Frequently Asked Questions¶
I have a massive CSV file which I can not fit all into memory at one time. How do I convert it to HDF5?¶
Such an operation is a one-liner in Vaex:
df = vaex.from_csv('./my_data/my_big_file.csv', convert=True, chunk_size=5_000_000)
When the above line is executed, Vaex will read the CSV in chunks, and convert each chunk to a temporary HDF5 file on disk. All temporary will files are then concatenated into a single HDF5, and the temporary files deleted. The size of the individual chunks to be read can be specified via the chunk_size
argument.
For more information on importing and exporting data with Vaex, please refer to please refer to the I/O example page.
Why can’t I open a HDF5 file that was exported from a pandas
DataFrame using .to_hdf
?¶
When one uses the pandas
.to_hdf
method, the output HDF5 file has a row based format. Vaex
on the other hand expects column based HDF5 files. This allows for more efficient reading of data columns, which is much more commonly required for data science applications.
One can easily export a pandas
DataFrame to a vaex
friendly HDF5 file:
vaex_df = vaex.from_pandas(pandas_df, copy_index=False)

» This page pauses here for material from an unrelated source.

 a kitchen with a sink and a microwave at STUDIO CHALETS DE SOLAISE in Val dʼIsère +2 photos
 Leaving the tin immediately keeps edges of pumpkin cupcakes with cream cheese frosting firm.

vaex_df.export_hdf5('my_data.hdf5')
Why can’t I add a new column after filtering a vaex
DataFrame?¶
Unlike other libraries, vaex
does not copy or modify the data. After a filtering operations for example:
df2 = df[df.x > 5]
df2
still contains all of the data present in df
however. The difference is that the columns of df2
are lazily indexed, and only the rows for which the filtering condition is satisfied are displayed or used. This means that in principle one can turn filters on/off as needed.
To be able to manually add a new column to the filtered df2
DataFrame, one needs to use the df2.extract()
method first. This will drop the lazy indexing, making the length of df2
equal to its filtered length.
Here is a short example:
[1]:
import vaex
import numpy as np
df = vaex.from_dict({'id': np.array([1, 2, 3, 4]),
'name': np.array(['Sally', 'Tom', 'Maria', 'John'])
})
df2 = df[df.id > 2]
df2 = df2.extract()
df2['age'] = np.array([27, 29])
df2
[1]:
# | id | name | age |
---|---|---|---|
0 | 3 | Maria | 27 |
1 | 4 | John | 29 |